In style and substance, Thamos has been frequently compared to The Magic Flute (1791); the scholar Maynard Solomon describes the play itself as “quasi-Masonic,” and indeed, von Gebler was prominent in the New Crowned Hope lodge, which Mozart would join several years later. The play centers on the marriage of Prince Thamos and Princess Tharsis, who are united under the guidance of Sethos, High Priest of the Temple of the Sun — though thwarted, all the while, by a spiteful female villain.

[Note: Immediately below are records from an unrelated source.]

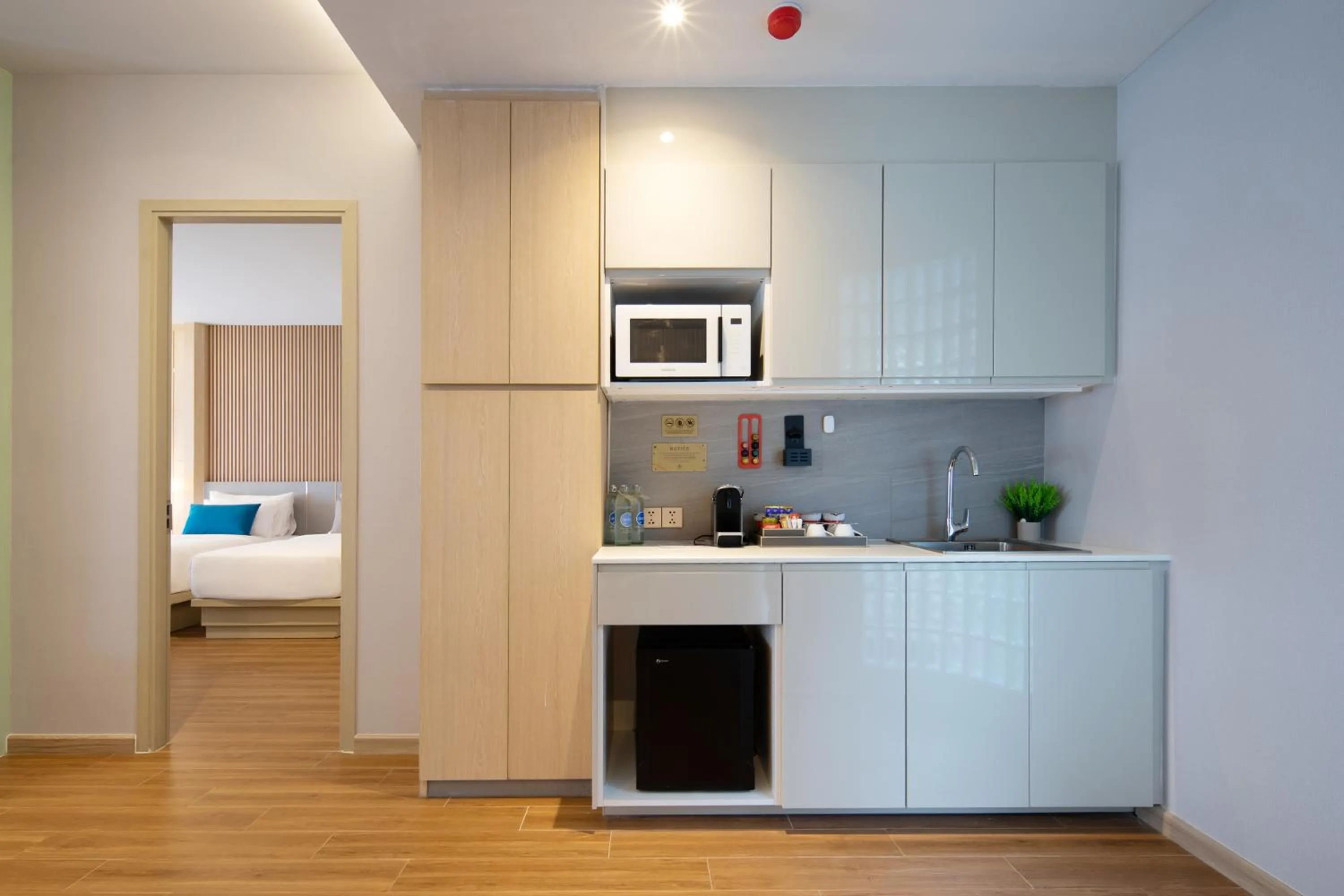 Bedroom in Lalynn Resort & Villas, Phuket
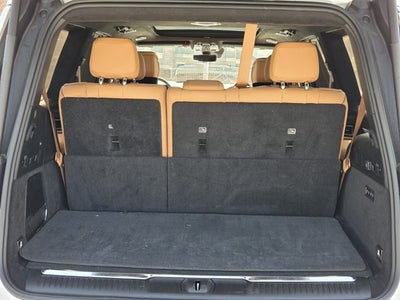 2023 Jeep Grand Wagoneer Series III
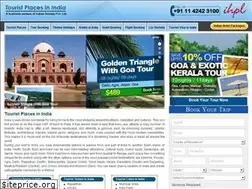 Sites similar to touristplacesinindia.com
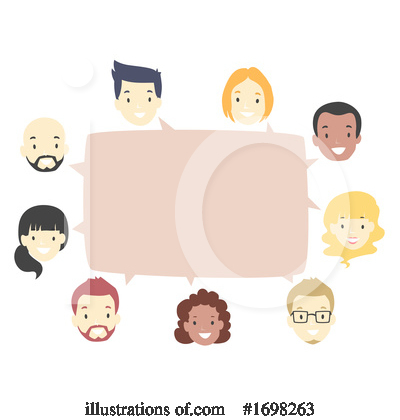 Royalty-Free (RF) People Clipart Illustration by BNP Design Studio - Stock Sample #1698263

The instrumental interludes and choruses of Thamos are rich in dynamic contrast and drama (one scholar describes the work as the 18th-century equivalent of a film score), with an overall thematic movement from darkness into light. H. C. Robbins Landon notes that the Thamos music possesses “soul-enhancing strength,” and various sources reveal that both Mozart and his father valued the work highly. In 1783, Leopold included the score in a batch of manuscripts he sent to his son, then back in Vienna. “I am extremely sorry that I shall not be able to use the music of Thamos,” Mozart wrote back, “but this piece … is now among the rejected works which are no longer performed. For the sake of the music alone it might possibly be given again, but that is not likely. Certainly it is a pity!”

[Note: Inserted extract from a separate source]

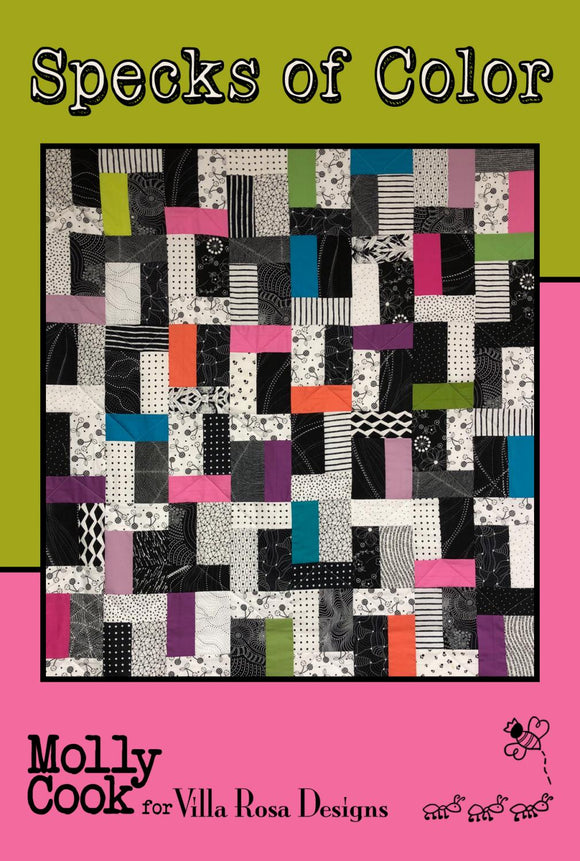 Specks of Color by Molly Cook *Digital Download*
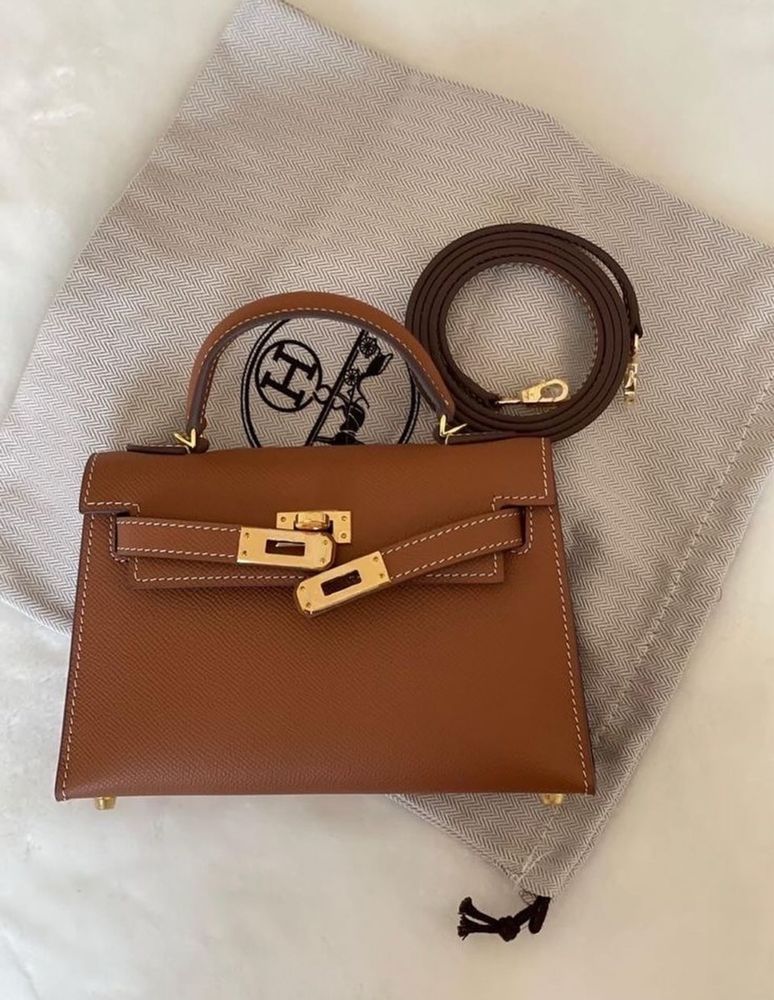 Дамска чанта Hermes Kelly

The provenance for the Requiem Mass in d minor is similarly complex, albeit far more bittersweet. The biographer Franz Xaver Niemetschek, to whom Mozart’s widow, Constanze, first relayed the tale of the piece's composition, noted that “the story of his last work… is as obscure as it is strange.” All mythologizing aside, the work (like Thamos) unquestionably originated with a commission, this time in the summer of 1791 from Count Franz Walsegg-Stupach, a fellow Freemason, to be used for a service for his recently deceased young wife; he may have planned to pass the music off as his own. Though the downpayment was robust, Mozart did not rush to complete the Requiem, turning his attention instead to work on La clemenza di Tito and The Magic Flute, not to mention the Clarinet Concerto, K. 622.

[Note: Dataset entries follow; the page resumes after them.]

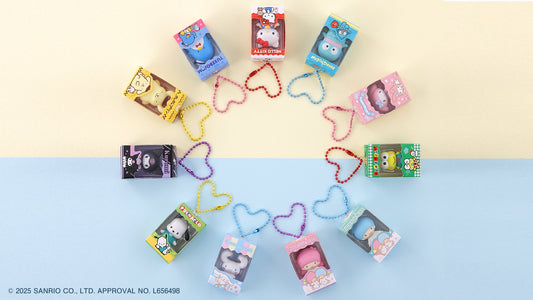 [SANRIO] Sanrio Chocolate Box Figure Collection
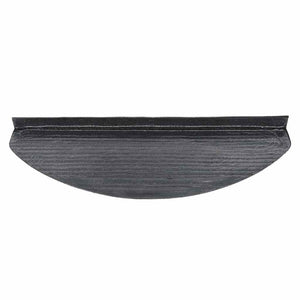 Selbstklebende Stufenmatten Schwarz 10er Set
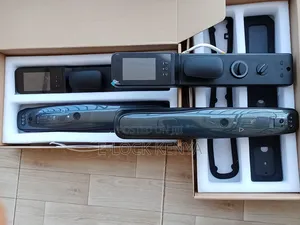 Enhanced Security Face Recognition Door Locks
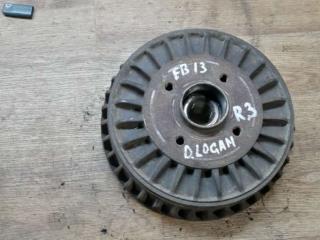 барабан тормозной Lada Largus 1 поколение 2015, 0.9 л., бензин, МКПП, универсал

Mozart fell seriously ill around November 20, and continued work on the Mass even on December 4, when (according to an 1825 account by his sister-in-law) he supervised a small-scale read-through at which his former pupil, Franz Xaver Süssmayr, was present. Mozart died on December 5, 1791, before the Requiem was complete. Seeking the balance of the fee, Constanze first enlisted another former pupil, Joseph Eybler, to complete the work. He gave up, and the task eventually reached Süssmayr, who orchestrated the Kyrie and completed the Lacrimosa. He later claimed to have composed the Sanctus, Benedictus, and Agnus Dei, although that has been disputed; still, there is no extant autograph material for those sections.
The overall work — sometimes doleful (as with the low woodwinds’ opening bars), sometimes unswervingly dramatic — has enjoyed long life in both concert halls and popular culture. Excerpts from the Lacrimosa appear in The Crown (Netflix) and Peaky Blinders (BBC), and in the cult classic film, The Big Lebowski. Stanley Kubrick used the Rex tremendae in Eyes Wide Shut, and the Dies irae drives the action in X-Men 2, when a bad-guy mutant attacks the White House. This writer heard Requiem excerpts repeatedly in car commercials aired during baseball games last summer. And the fictional scenes of Mozart dictating the work to his rival, Antonio Salieri, in the film Amadeus are so captivating as to seem a true telling.
Mozart may well have described plans with various levels of detail for finishing the work — and Constanze reported that Süssmayr had gathered scraps of paper from Mozart’s desk — though such notes have not survived. What is sure is that in the Requiem can be heard the last plaintive notes of the composer’s incandescent, all-too short life.